SFB: To follow up on Linda’s, I had the advantage of traveling to China with my parents when I was a freshman in college, and the Chairman Mao was the chairman of China then. That’s how long ago it was. I got to meet Chairman Mao, and my dad used to tell this story of when we were walking through the receiving line, and you didn’t know when you were going to meet the chairman, it was one of those things that all of the sudden they would come up to you and say, “We need to get in the cars right now,” and they really didn’t tell you where you were going. You just got in the cars really quickly, but Dr. Kissinger was with us, and Dr. Kissinger would say, OK, we’re obviously going to the palace, and we’re going to meet the chairman at the time, so my father shook his hand. My mother shook his hand, and I shook his hand. He was a very elderly man at the time, and his health was not good, but he was known to like women. This picture that I have with him, his eyes light up like the man who has arisen from the dead and this smile on his face that he’s so glad to see this tall blonde woman in China. When you say you get to meet those amazing people, those are those amazing people you get to meet.

Q: Did you have Secret Service code names?

SFB: Yes, mine was “Panda.” Our whole family was P’s. My mother was “Pinafore.” Dad was “Passkey.” I was “Panda.” One brother was “Professor,” and I can’t remember what the other two were.

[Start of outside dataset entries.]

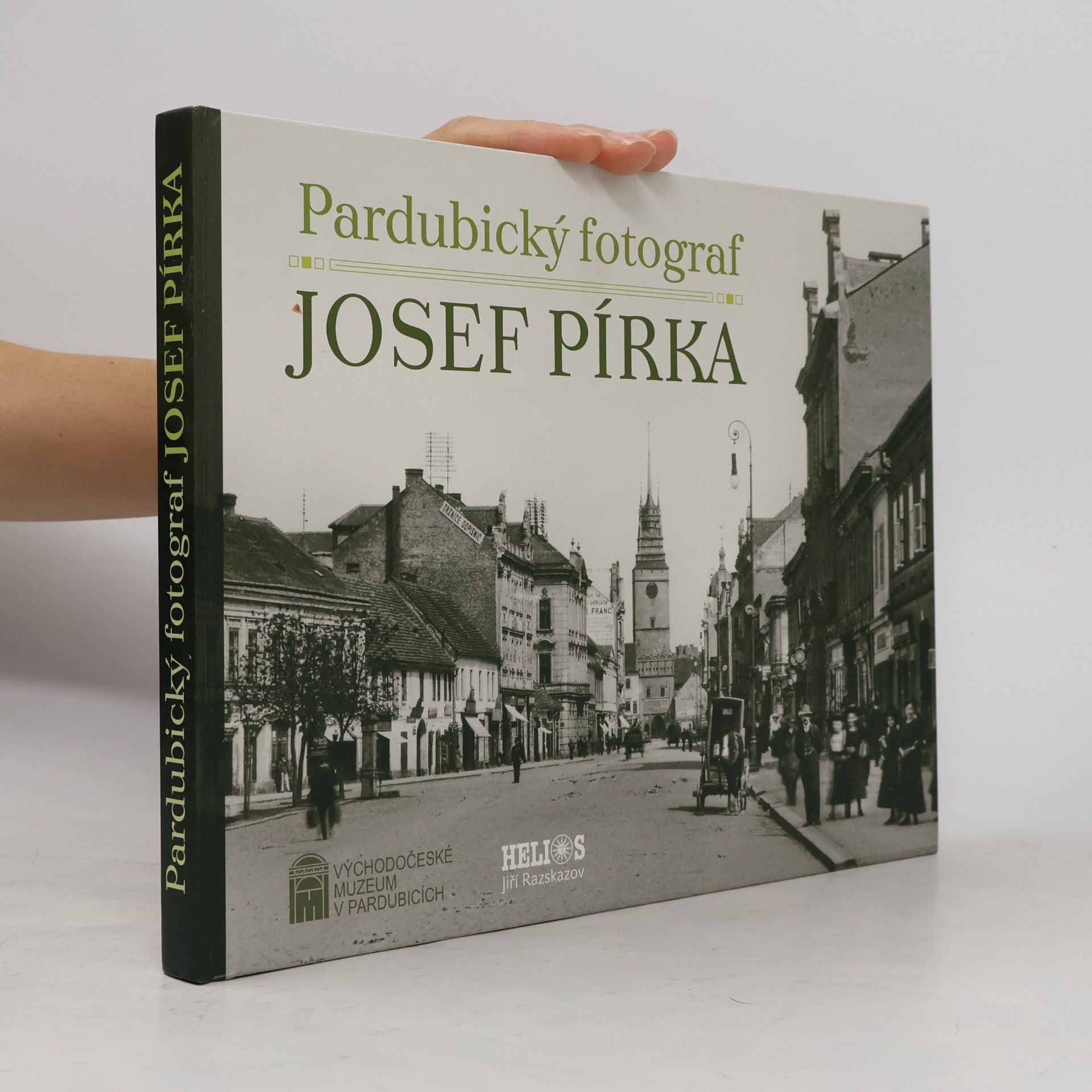 Renáta Tetřevová Pardubický fotograf Josef Pírka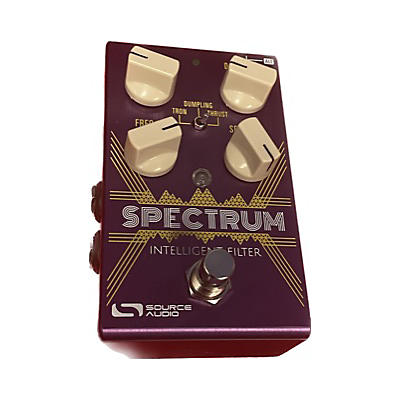 Source Audio SPECTRUM Effect Pedal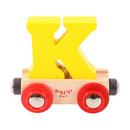 Bigjigs Rail Letter K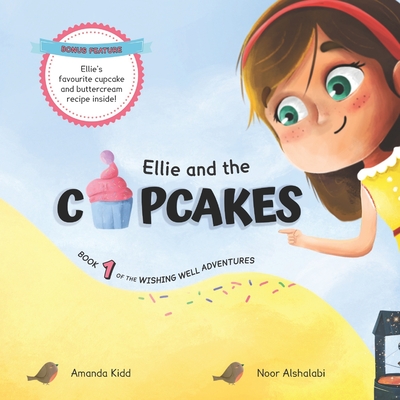 Ellie and the Cupcakes - Kidd, Amanda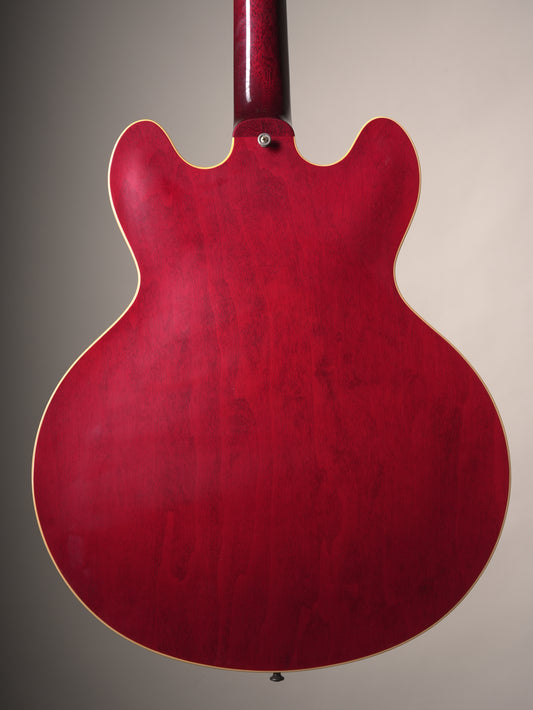 Gibson Custom Shop 1964 ES-335 Murphy Lab Ultra Light Aged - Sixties Cherry, w/ OHSC
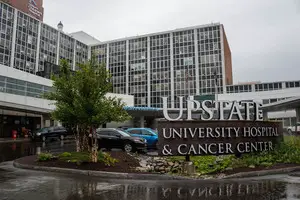 Under the proposal, Crouse’s inpatient and outpatient services and medical practices would be merged into SUNY Upstate’s system, operating under the name Upstate Crouse Hospital.
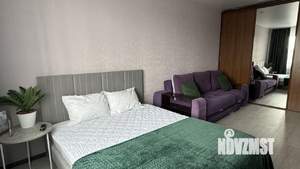 1-к квартира, посуточно, 41м2, 1/1 этаж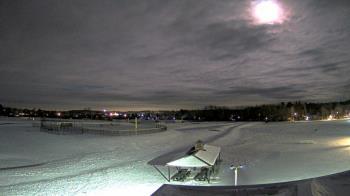 Weather camera view of Greenville High School.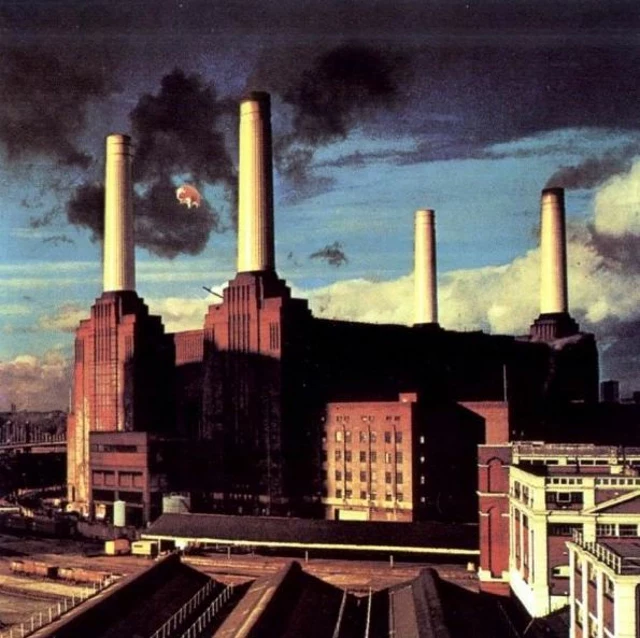pink floyd Animals Pink Floyd Animals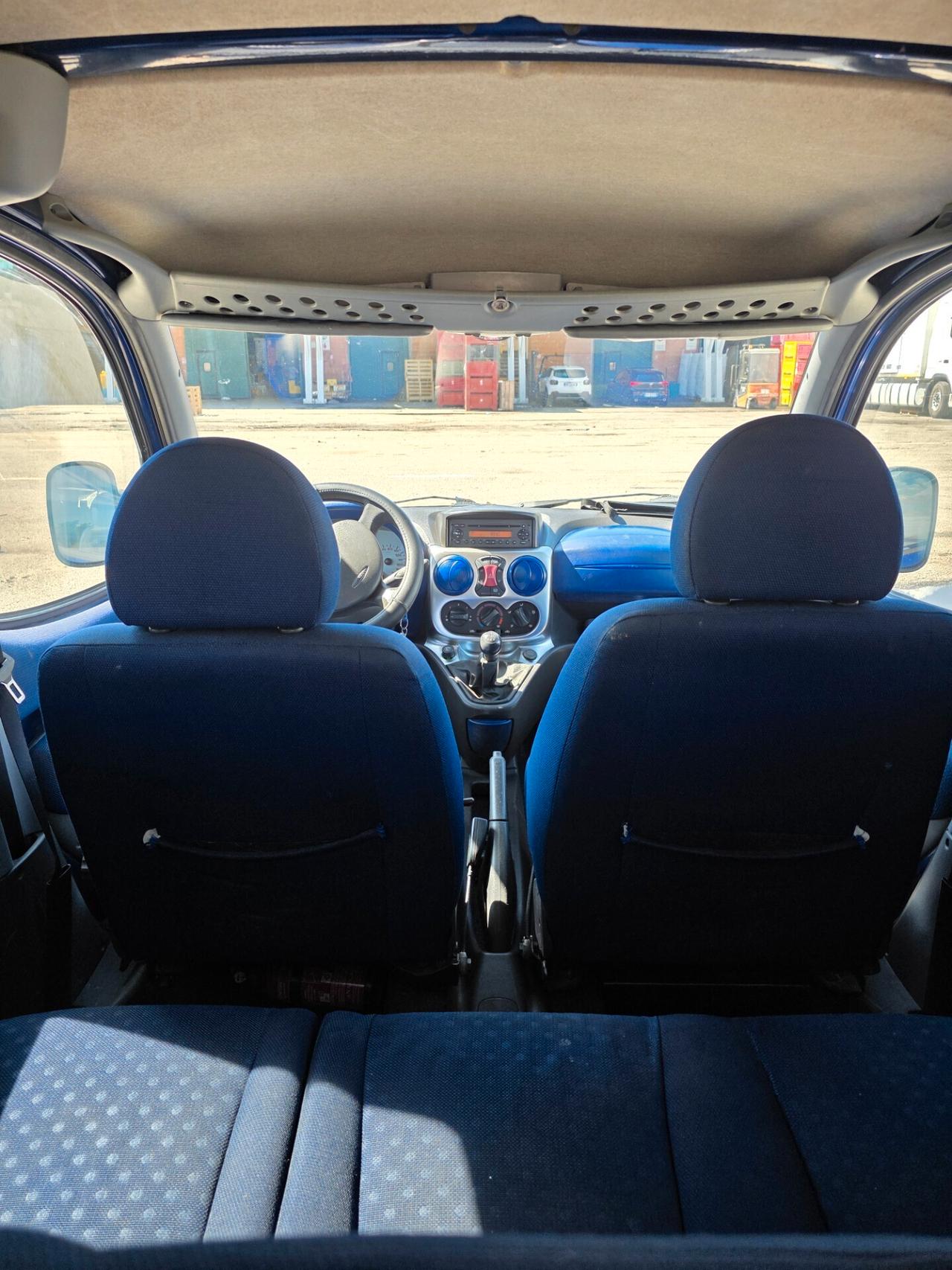 Fiat Doblo 1.9 JTD cat Malibù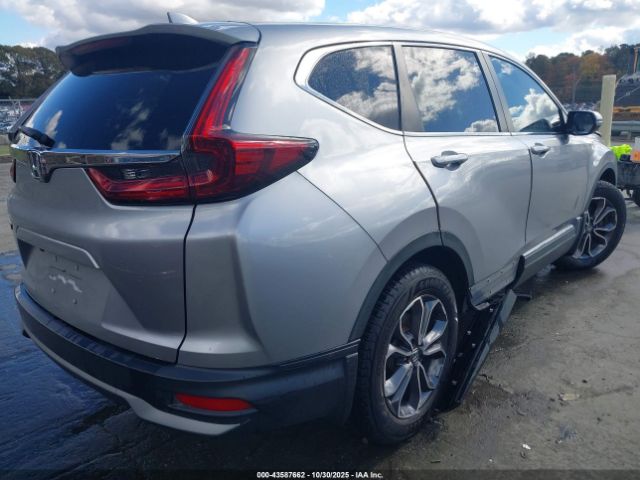 2020 HONDA CR-V 2HKRW1H5XLH410825 Photo 3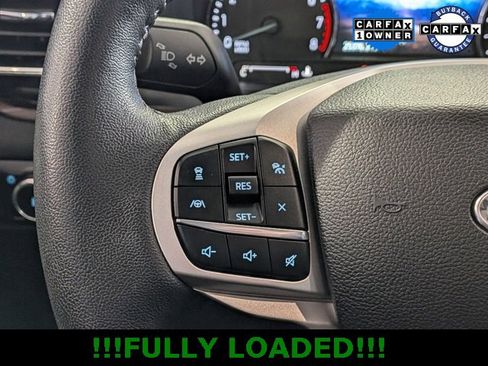 Used 2023 Ford Explorer Limited w/ Limited Technology Package image 35
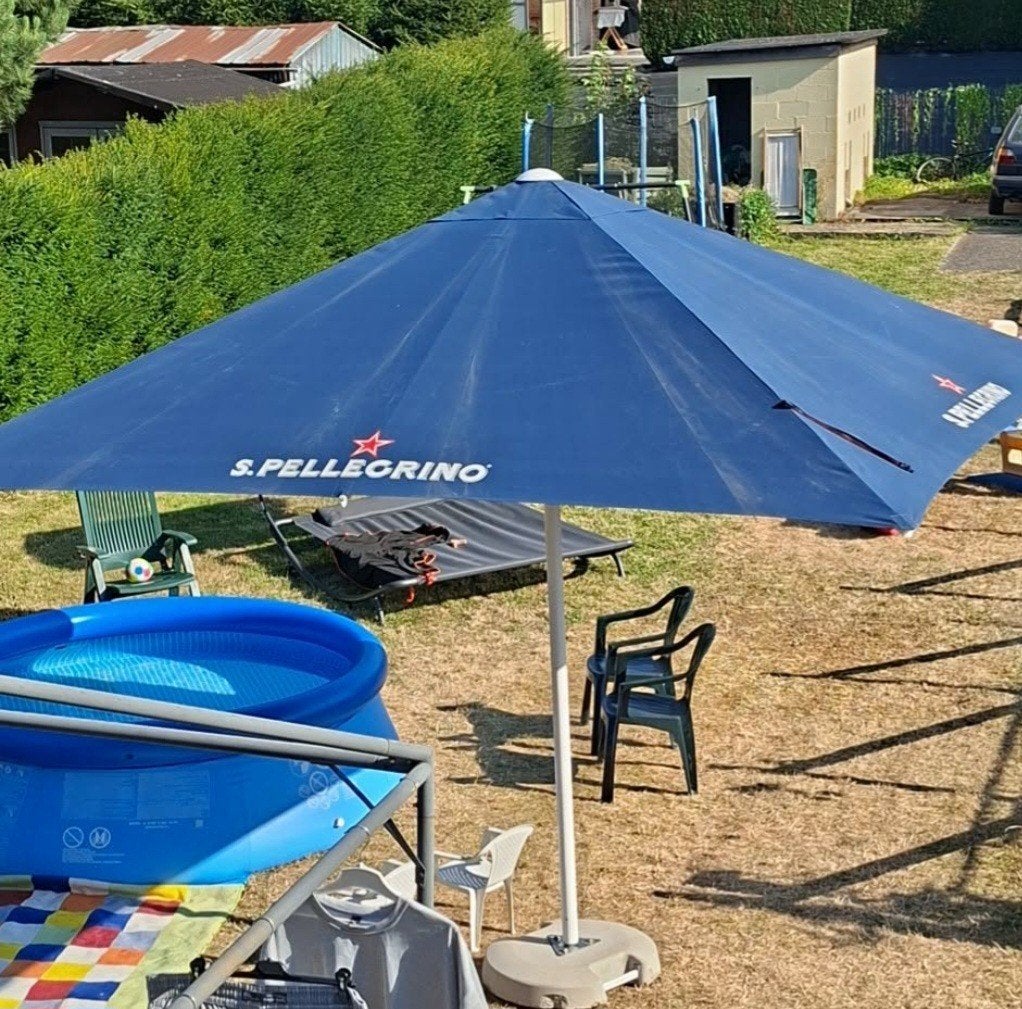 Parasol grande taille professionnel, Jardin & Terrasse, Enlèvement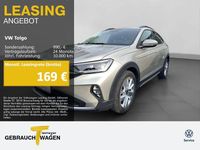 Gebraucht VW Taigo Move 150 PS (110 kW) 2024 Silber SUV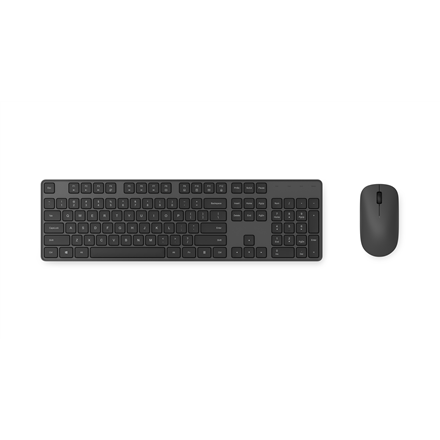 Xiaomi Keyboard and Mouse Keyboard and Mouse Set Black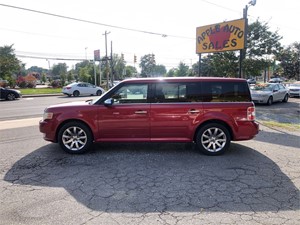 2009 Ford Flex Limited for sale by dealer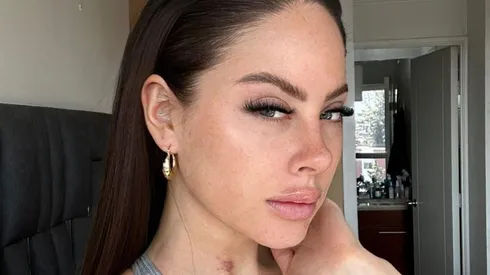 Ignacia Michelson habla en exlcusiva con RedCarpet.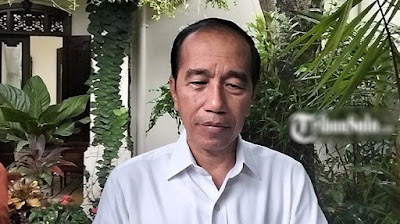 Jokowi soal Anggaran IKN Diblokir Prabowo: Itu Urusan Pemerintah, Saya Jangan Ditarik-tarik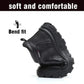Zapatos de cuero para hombre, gruesos y cálidos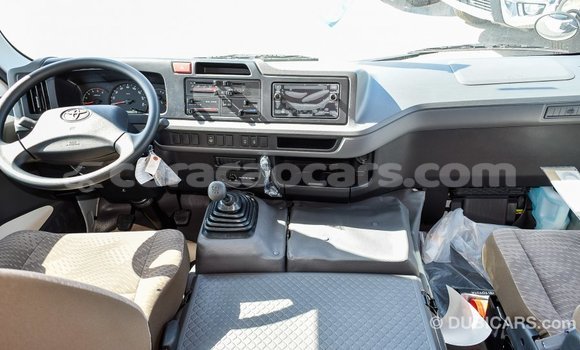 Buy Import Toyota Coaster White Car in Import - Dubai in Curacao Buy Import Toyota Coaster White Car in Import - Dubai in Curacao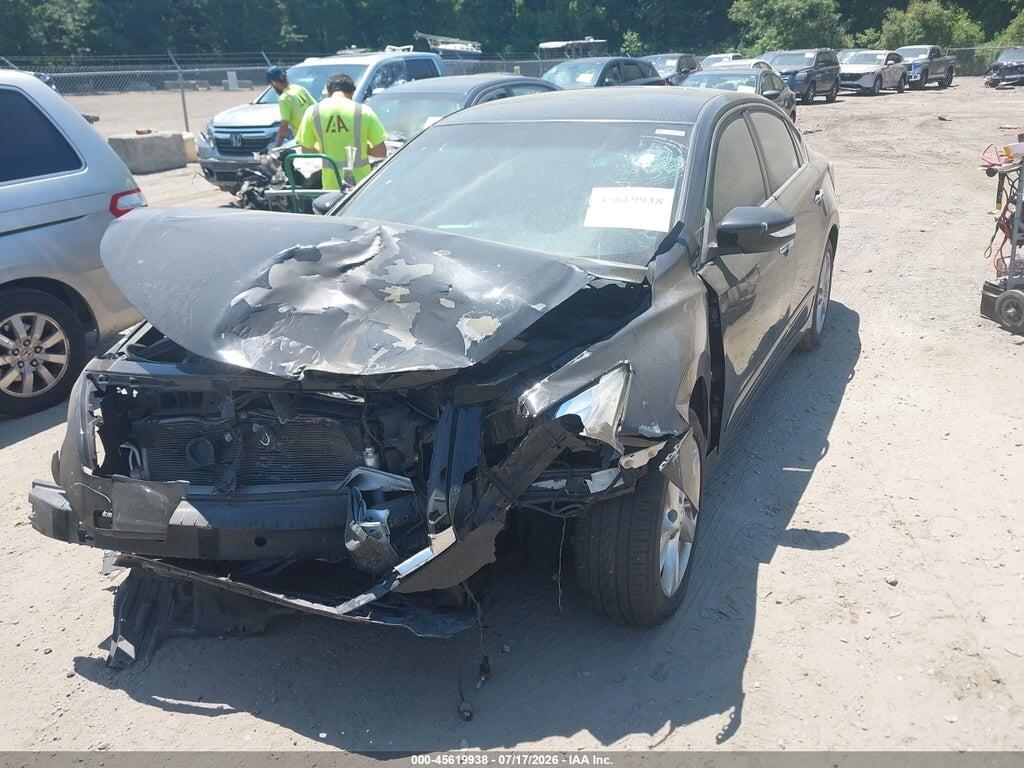 1N4AL3AP1EC297543 2014 NISSAN ALTIMA photo no. 2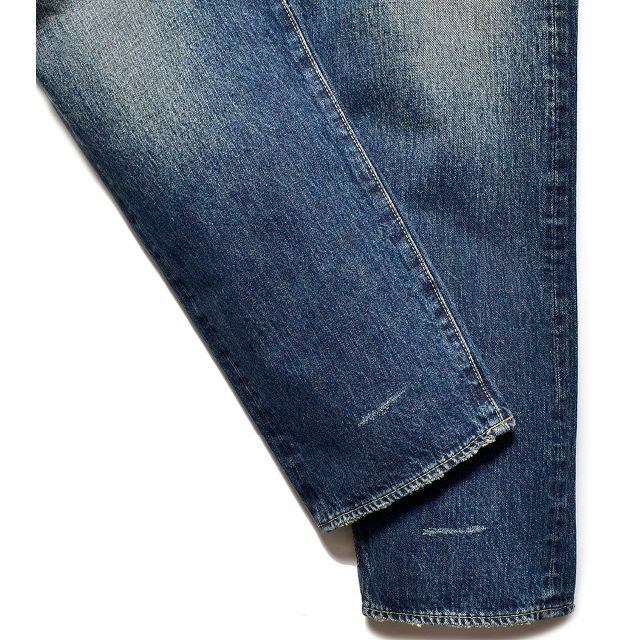 MINEDENIM - MINEDENIM L.Straight 5pocket USD 36デニム新作の通販 by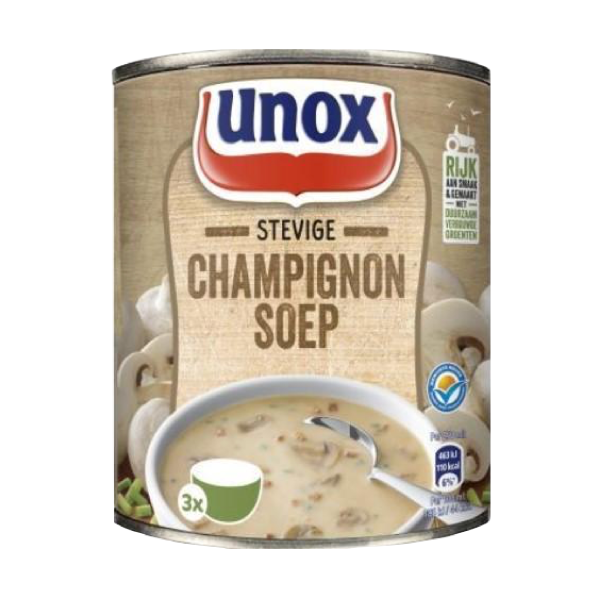 Champignonsoep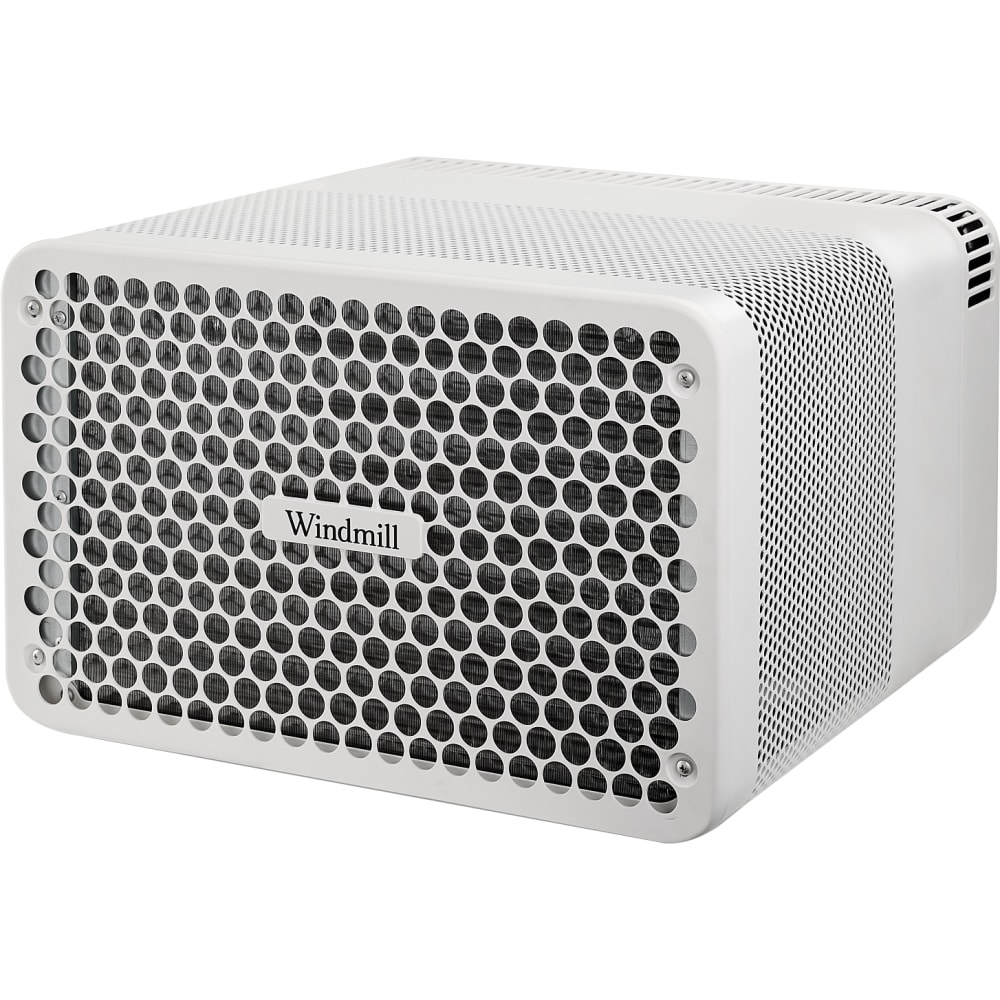 Windmill 10k BTU Window AC With Inverter, 13-1/4”H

LJR: Well, we were L’s. Perfect. Daddy was “Leader.” No, no. We were V’s. I take it back. That was what we were. I was “Venus.” No, no. I’m just teasing. I was not “Venus.” “Venus” is what I wanted to be. (My sister) Luci was “Venus.” Mother was “Victoria.” She thought that “Victoria” was kind of stuffy, but later on, when I grew up and got married, and we had a costume party — “Come as your favorite lovers.” Mother came as “Victoria” with a big medallion of her poor dead Albert, so she looked great. She looked wonderful as Victoria. Chuck wasn’t anything. I was “Velvet,” so (my daughter) Lucinda was “Velvetine.” Very wonderful. But we loved it, and I just loved my Secret Service agents and kept up with all of them. One of them has recently stepped down as the head of the security at the Capitol. You probably remember Bill Livingood saying, “Mr. Speaker, the president of the United States.” Anyway, the important thing you learn in this is it doesn’t matter who is in the White House, it matters who is the usher, because he’s the one who will get you in for a tour, and the same thing is true, you know, you have to keep up with friends, because I would call Bill and say, “Bill, I need a parking spot at the Capitol. Can you get me in?” So keep up with all those friends.